If you can deal with no inlays.


----------



## Mprinsje

HeHasTheJazzHands said:


> If you can deal with no inlays.



This is a great guitar, other guitarist in my band has it.


----------



## celticelk

HeHasTheJazzHands said:


> If you can deal with no inlays.



Cool, but I strongly prefer inlays, and 7-strings, and frankly I'm kinda done with flat black. If the AW-7B is in that blackened ash finish that Alex got on his ESP Tele, I might be able to overlook the lack of inlays.


----------



## cpfc_fan

I kinda hope that ESP do some sort of King V guitar. Would probably be my next purchase but as some of you guys will know I've bought a fair few axes this year and IMO the only design left I want is a premium neck thru King V.


----------



## mniel8195

barf


----------



## Rosal76

cpfc_fan said:


> I kinda hope that ESP do some sort of King V guitar. Would probably be my next purchase but as some of you guys will know I've bought a fair few axes this year and IMO the only design left I want is a premium neck thru King V.



Like this? * The model below is actually a bolt-on but if ESP were to a make a neck-thru version of it, I'd buy it.


----------



## crystallake

setsuna7 said:


> the model no on that olive drab Arrow reads MX-600. Max Cavalera? Any ideas guys?



His old sigs were MC600s


----------



## cpfc_fan

Rosal76 said:


> Like this? * The model below is actually a bolt-on but if ESP were to a make a neck-thru version of it, I'd buy it.



Yea something along that line but with a floyd not a kahler. Hopefully in a mass selection of colours too. Ebony fret board too obviously.


----------



## SandyRavage

cpfc_fan said:


> Yea something along that line but with a floyd not a kahler. Hopefully in a mass selection of colours too. Ebony fret board too obviously.



This with a Floyd would be my favorite thing esp has ever put out.....


----------



## HurrDurr

celticelk said:


> Cool, but I strongly prefer inlays, and 7-strings, and frankly I'm kinda done with flat black. If the AW-7B is in that blackened ash finish that Alex got on his ESP Tele, I might be able to overlook the lack of inlays.

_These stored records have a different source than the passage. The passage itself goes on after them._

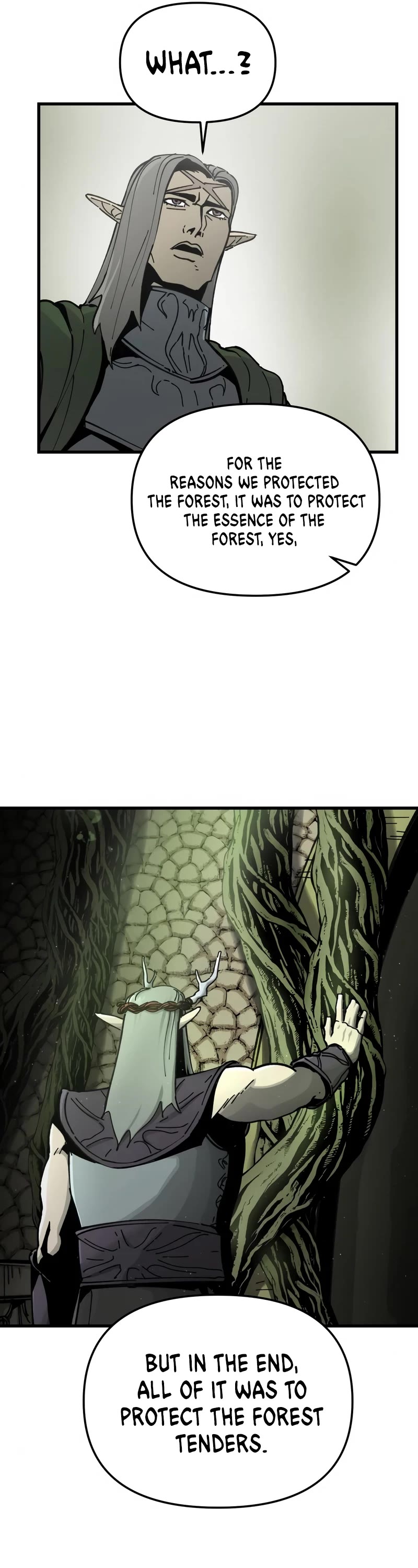 Legend of the Holy Sword Chapter 14 page 37 - Chapter 14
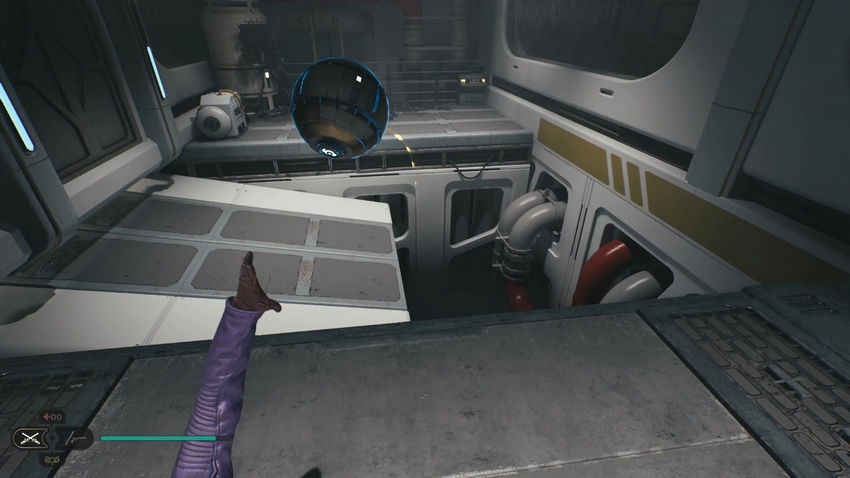 Star Wars Jedi: Survivor. Прохождение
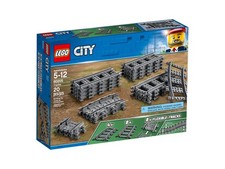 Lego city 60205 schienen neu - lego,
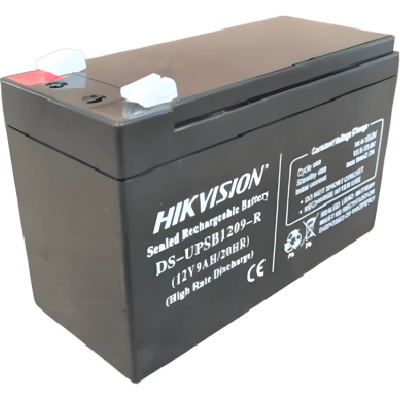 Bateria de Plomo Ácido / 12 VCD / 9 Amp / Ideal para UPS Online, EPS y Uso General / Certificación CE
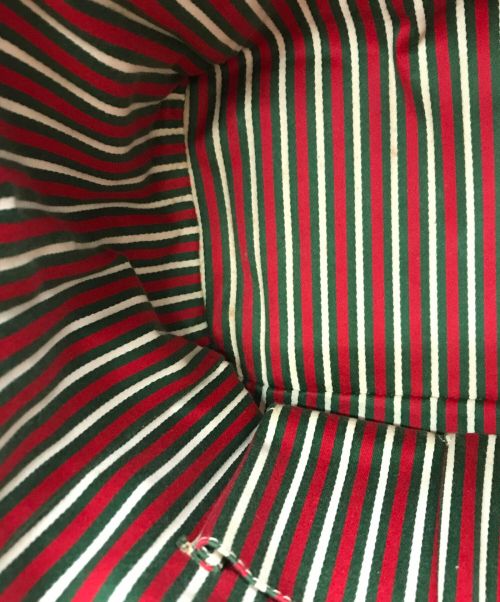 GUCCI（グッチ）GUCCI (グッチ) ニューブリット トートバッグ ベージュ サイズ:下記参照の古着・服飾アイテム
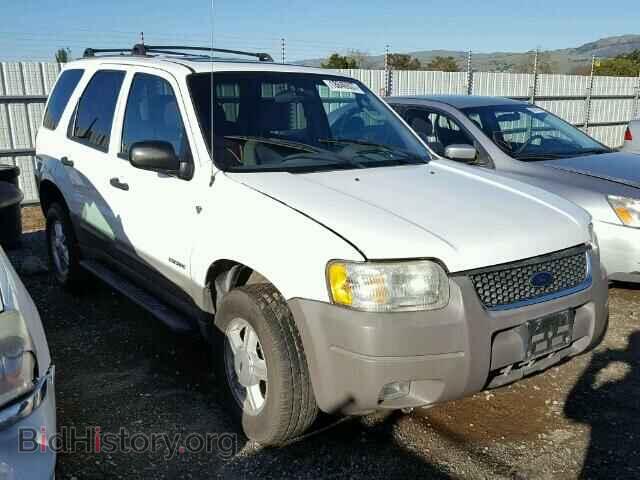 Photo 1FMYU03142KD51587 - FORD ESCAPE 2002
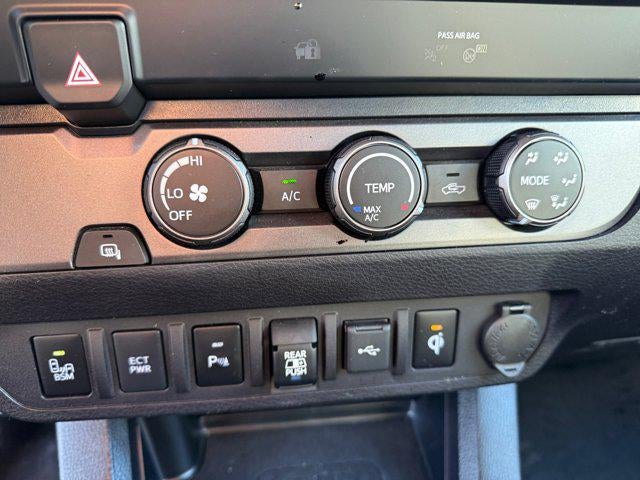 2020 Toyota Tacoma 2WD TRD Sport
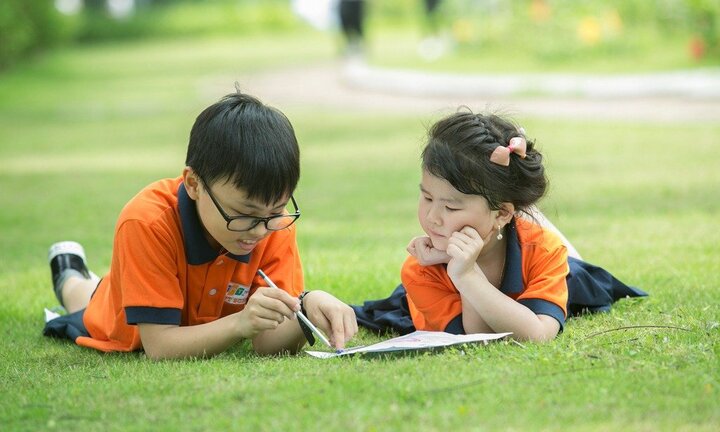 Trường tiểu học đầu tiên ở Việt Nam đưa STEM vào chương trình chính khoá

I've been under a rock, can someone elaborate on what the AW-7B is? I'm assuming its a new Alex Wade sig, but are there any images or confirmations of its existence just yet or what it'll look like?


----------



## HeHasTheJazzHands

According to some previous posts, Alex confirmed that a new version of his sig model is in the works, an that it'll be his AW-7 with the stained ash finish.


----------



## canuck brian

cpfc_fan said:


> Yea something along that line but with a floyd not a kahler. Hopefully in a mass selection of colours too. Ebony fret board too obviously.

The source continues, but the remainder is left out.